Cooking for Thai’s memorial luncheon was not only an honor, but a trip back in time. This feast of about 60+ close dojo friends, family, students, Sensei, widowed girlfriend Kate and 1 soon to be born baby Kiera of Thai Siam was an amazing gathering of love, respect and memory. It pained me even beyond my silent tears to hear that Kiera will be born without her papa, Thai, a man whose dedication, passion and capacity to love Aikido martial arts would have been transcended by being an equally dedicated, passionate and loving father. As busy as we were preparing the meals for this gathering, the theme of this gathering was always in the air, reminding us that the world is one less of a beautiful soul.
As I gathered the lemongrass to be pounded for the Asian inspired dishes, I often thought if Thai would have liked lemongrass, being that he was of Cantonese descent. But with such an interesting name, Thai Siam, he could have had a colorful collage of ethnicities along his family tree.
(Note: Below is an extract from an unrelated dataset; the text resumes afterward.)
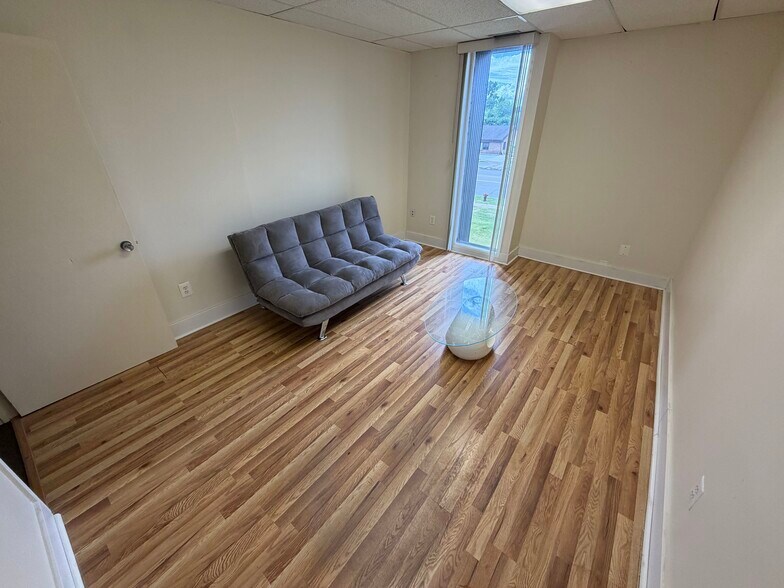 More Photos Of 17320 W 12 Mile Rd, Southfield Unknown For Lease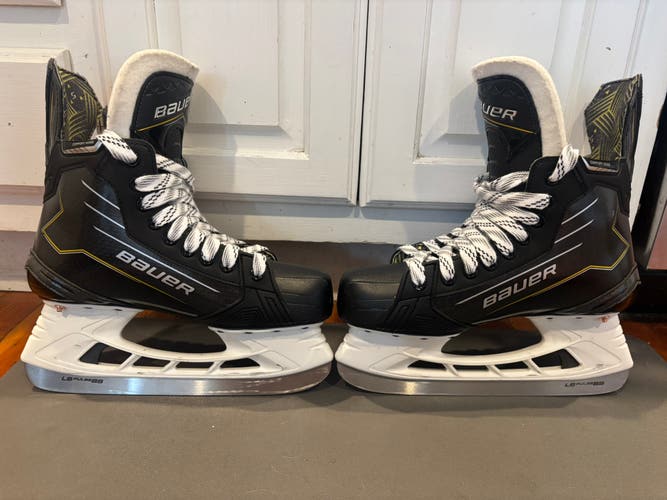 2024 Bauer Supreme M40 Hockey Skates Regular Width 6.5 (Used)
As I crushed the lemongrass stalks, I got a quick whiff of the soothing scent of citrus/grass and deja vu of my dad in the kitchen with me. I was quickly reminded and brought back to my childhood days when Dad was making his favorite lemongrass beef, and I mean LEMONGRASS all in caps, shouting out loud. As a child, Dad loved his lemongrass to infuse his marinating beef, at my expense. I am his first born child, his underage, free labor kitchen help, and his official “pain in the ass, lemongrass smasher”. Ironically today, my demands and skill of prepping fresh stalks of lemongrass to it’s mashed form in the mortar and pestle is something that I can’t do without. My back was killing me that night so I sat on the floor to pound the lemongrass, just like I did as a kid. I pretended Dad was standing right behind me, like a spice dictator watching and ensuring that his humble servant was pulverizing the shit out of each stalk.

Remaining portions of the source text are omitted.